Records excerpted from a collection
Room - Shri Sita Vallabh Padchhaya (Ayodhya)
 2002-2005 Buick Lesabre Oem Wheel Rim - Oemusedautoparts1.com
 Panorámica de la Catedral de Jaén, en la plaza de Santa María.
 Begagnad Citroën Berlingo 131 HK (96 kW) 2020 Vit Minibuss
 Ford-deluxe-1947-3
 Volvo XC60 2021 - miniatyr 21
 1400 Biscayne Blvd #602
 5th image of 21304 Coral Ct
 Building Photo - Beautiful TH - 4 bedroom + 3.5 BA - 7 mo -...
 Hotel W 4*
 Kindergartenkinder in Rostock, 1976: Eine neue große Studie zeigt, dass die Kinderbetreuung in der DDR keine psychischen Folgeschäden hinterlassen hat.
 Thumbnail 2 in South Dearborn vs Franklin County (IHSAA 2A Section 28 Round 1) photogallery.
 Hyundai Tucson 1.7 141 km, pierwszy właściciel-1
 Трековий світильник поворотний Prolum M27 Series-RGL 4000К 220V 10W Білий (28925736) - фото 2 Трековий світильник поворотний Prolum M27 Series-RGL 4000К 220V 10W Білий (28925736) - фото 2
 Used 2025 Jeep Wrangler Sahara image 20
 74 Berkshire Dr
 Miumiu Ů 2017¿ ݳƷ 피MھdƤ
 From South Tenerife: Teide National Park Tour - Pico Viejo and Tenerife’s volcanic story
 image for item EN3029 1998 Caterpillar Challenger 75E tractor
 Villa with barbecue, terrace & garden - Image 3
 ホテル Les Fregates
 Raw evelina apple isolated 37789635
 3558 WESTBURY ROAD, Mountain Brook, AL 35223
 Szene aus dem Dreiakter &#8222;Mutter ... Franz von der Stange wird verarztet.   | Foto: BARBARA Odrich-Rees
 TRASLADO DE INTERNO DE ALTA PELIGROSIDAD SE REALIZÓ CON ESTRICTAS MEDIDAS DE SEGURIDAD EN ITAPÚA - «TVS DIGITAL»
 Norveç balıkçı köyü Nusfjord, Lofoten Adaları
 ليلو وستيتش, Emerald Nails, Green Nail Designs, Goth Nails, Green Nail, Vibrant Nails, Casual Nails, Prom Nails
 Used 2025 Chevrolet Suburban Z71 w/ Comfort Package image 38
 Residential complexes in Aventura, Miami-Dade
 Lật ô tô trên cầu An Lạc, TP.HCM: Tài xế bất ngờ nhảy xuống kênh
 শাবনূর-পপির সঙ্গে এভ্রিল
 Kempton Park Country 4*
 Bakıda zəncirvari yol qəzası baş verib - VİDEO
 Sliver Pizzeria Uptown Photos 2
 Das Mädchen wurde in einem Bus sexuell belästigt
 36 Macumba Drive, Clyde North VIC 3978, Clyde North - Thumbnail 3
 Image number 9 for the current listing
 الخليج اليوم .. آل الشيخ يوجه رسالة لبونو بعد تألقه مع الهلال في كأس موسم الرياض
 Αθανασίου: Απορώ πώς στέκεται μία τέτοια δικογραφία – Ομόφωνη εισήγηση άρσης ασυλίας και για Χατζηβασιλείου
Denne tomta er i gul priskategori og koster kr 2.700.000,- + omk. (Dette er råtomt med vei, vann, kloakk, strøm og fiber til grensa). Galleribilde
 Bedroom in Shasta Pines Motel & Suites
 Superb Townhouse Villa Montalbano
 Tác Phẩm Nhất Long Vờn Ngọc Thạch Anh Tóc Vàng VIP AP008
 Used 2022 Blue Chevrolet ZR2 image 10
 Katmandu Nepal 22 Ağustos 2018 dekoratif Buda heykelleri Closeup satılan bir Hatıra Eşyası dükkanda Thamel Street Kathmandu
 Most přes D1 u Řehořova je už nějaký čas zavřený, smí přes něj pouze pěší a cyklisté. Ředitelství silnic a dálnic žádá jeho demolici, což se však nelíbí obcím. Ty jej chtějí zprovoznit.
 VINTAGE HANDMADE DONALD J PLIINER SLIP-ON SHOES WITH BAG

Work instruction |
This task calls for every entry above to be transcribed exactly.

Exercise solution |
Room - Shri Sita Vallabh Padchhaya (Ayodhya)
 2002-2005 Buick Lesabre Oem Wheel Rim - Oemusedautoparts1.com
 Panorámica de la Catedral de Jaén, en la plaza de Santa María.
 Begagnad Citroën Berlingo 131 HK (96 kW) 2020 Vit Minibuss
 Ford-deluxe-1947-3
 Volvo XC60 2021 - miniatyr 21
 1400 Biscayne Blvd #602
 5th image of 21304 Coral Ct
 Building Photo - Beautiful TH - 4 bedroom + 3.5 BA - 7 mo -...
 Hotel W 4*
 Kindergartenkinder in Rostock, 1976: Eine neue große Studie zeigt, dass die Kinderbetreuung in der DDR keine psychischen Folgeschäden hinterlassen hat.
 Thumbnail 2 in South Dearborn vs Franklin County (IHSAA 2A Section 28 Round 1) photogallery.
 Hyundai Tucson 1.7 141 km, pierwszy właściciel-1
 Трековий світильник поворотний Prolum M27 Series-RGL 4000К 220V 10W Білий (28925736) - фото 2 Трековий світильник поворотний Prolum M27 Series-RGL 4000К 220V 10W Білий (28925736) - фото 2
 Used 2025 Jeep Wrangler Sahara image 20
 74 Berkshire Dr
 Miumiu Ů 2017¿ ݳƷ 피MھdƤ
 From South Tenerife: Teide National Park Tour - Pico Viejo and Tenerife’s volcanic story
 image for item EN3029 1998 Caterpillar Challenger 75E tractor
 Villa with barbecue, terrace & garden - Image 3
 ホテル Les Fregates
 Raw evelina apple isolated 37789635
 3558 WESTBURY ROAD, Mountain Brook, AL 35223
 Szene aus dem Dreiakter &#8222;Mutter ... Franz von der Stange wird verarztet.   | Foto: BARBARA Odrich-Rees
 TRASLADO DE INTERNO DE ALTA PELIGROSIDAD SE REALIZÓ CON ESTRICTAS MEDIDAS DE SEGURIDAD EN ITAPÚA - «TVS DIGITAL»
 Norveç balıkçı köyü Nusfjord, Lofoten Adaları
 ليلو وستيتش, Emerald Nails, Green Nail Designs, Goth Nails, Green Nail, Vibrant Nails, Casual Nails, Prom Nails
 Used 2025 Chevrolet Suburban Z71 w/ Comfort Package image 38
 Residential complexes in Aventura, Miami-Dade
 Lật ô tô trên cầu An Lạc, TP.HCM: Tài xế bất ngờ nhảy xuống kênh
 শাবনূর-পপির সঙ্গে এভ্রিল
 Kempton Park Country 4*
 Bakıda zəncirvari yol qəzası baş verib - VİDEO
 Sliver Pizzeria Uptown Photos 2
 Das Mädchen wurde in einem Bus sexuell belästigt
 36 Macumba Drive, Clyde North VIC 3978, Clyde North - Thumbnail 3
 Image number 9 for the current listing
 الخليج اليوم .. آل الشيخ يوجه رسالة لبونو بعد تألقه مع الهلال في كأس موسم الرياض
 Αθανασίου: Απορώ πώς στέκεται μία τέτοια δικογραφία – Ομόφωνη εισήγηση άρσης ασυλίας και για Χατζηβασιλείου
Denne tomta er i gul priskategori og koster kr 2.700.000,- + omk. (Dette er råtomt med vei, vann, kloakk, strøm og fiber til grensa). Galleribilde
 Bedroom in Shasta Pines Motel & Suites
 Superb Townhouse Villa Montalbano
 Tác Phẩm Nhất Long Vờn Ngọc Thạch Anh Tóc Vàng VIP AP008
 Used 2022 Blue Chevrolet ZR2 image 10
 Katmandu Nepal 22 Ağustos 2018 dekoratif Buda heykelleri Closeup satılan bir Hatıra Eşyası dükkanda Thamel Street Kathmandu
 Most přes D1 u Řehořova je už nějaký čas zavřený, smí přes něj pouze pěší a cyklisté. Ředitelství silnic a dálnic žádá jeho demolici, což se však nelíbí obcím. Ty jej chtějí zprovoznit.
 VINTAGE HANDMADE DONALD J PLIINER SLIP-ON SHOES WITH BAG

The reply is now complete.